» What is being asked
The line containing "Standard TH211 Throttle" marks the end; copy exactly all lines from the start of the material up to and including it.

» Information supplied
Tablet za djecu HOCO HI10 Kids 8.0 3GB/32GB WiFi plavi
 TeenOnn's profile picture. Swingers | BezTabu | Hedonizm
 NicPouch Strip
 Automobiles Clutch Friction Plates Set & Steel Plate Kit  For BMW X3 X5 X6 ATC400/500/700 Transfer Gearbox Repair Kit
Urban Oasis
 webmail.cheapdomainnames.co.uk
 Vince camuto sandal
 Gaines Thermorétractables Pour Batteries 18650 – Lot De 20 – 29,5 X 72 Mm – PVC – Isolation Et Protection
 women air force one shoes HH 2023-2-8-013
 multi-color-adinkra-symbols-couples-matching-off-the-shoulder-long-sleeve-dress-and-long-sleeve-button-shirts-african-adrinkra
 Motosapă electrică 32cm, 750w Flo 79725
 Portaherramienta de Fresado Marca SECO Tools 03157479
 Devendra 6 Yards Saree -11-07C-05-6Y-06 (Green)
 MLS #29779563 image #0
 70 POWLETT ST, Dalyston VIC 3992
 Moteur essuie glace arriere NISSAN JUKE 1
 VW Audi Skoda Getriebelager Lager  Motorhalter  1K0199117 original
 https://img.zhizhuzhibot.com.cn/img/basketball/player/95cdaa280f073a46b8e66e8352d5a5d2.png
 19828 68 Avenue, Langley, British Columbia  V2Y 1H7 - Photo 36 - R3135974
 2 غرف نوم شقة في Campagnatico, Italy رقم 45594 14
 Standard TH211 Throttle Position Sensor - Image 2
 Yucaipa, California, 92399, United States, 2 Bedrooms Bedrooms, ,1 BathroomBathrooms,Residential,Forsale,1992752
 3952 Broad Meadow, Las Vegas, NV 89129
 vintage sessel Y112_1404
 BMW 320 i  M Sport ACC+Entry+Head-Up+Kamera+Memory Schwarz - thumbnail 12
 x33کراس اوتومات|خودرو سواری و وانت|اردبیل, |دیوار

» Output
Tablet za djecu HOCO HI10 Kids 8.0 3GB/32GB WiFi plavi
 TeenOnn's profile picture. Swingers | BezTabu | Hedonizm
 NicPouch Strip
 Automobiles Clutch Friction Plates Set & Steel Plate Kit  For BMW X3 X5 X6 ATC400/500/700 Transfer Gearbox Repair Kit
Urban Oasis
 webmail.cheapdomainnames.co.uk
 Vince camuto sandal
 Gaines Thermorétractables Pour Batteries 18650 – Lot De 20 – 29,5 X 72 Mm – PVC – Isolation Et Protection
 women air force one shoes HH 2023-2-8-013
 multi-color-adinkra-symbols-couples-matching-off-the-shoulder-long-sleeve-dress-and-long-sleeve-button-shirts-african-adrinkra
 Motosapă electrică 32cm, 750w Flo 79725
 Portaherramienta de Fresado Marca SECO Tools 03157479
 Devendra 6 Yards Saree -11-07C-05-6Y-06 (Green)
 MLS #29779563 image #0
 70 POWLETT ST, Dalyston VIC 3992
 Moteur essuie glace arriere NISSAN JUKE 1
 VW Audi Skoda Getriebelager Lager  Motorhalter  1K0199117 original
 https://img.zhizhuzhibot.com.cn/img/basketball/player/95cdaa280f073a46b8e66e8352d5a5d2.png
 19828 68 Avenue, Langley, British Columbia  V2Y 1H7 - Photo 36 - R3135974
 2 غرف نوم شقة في Campagnatico, Italy رقم 45594 14
 Standard TH211 Throttle Position Sensor - Image 2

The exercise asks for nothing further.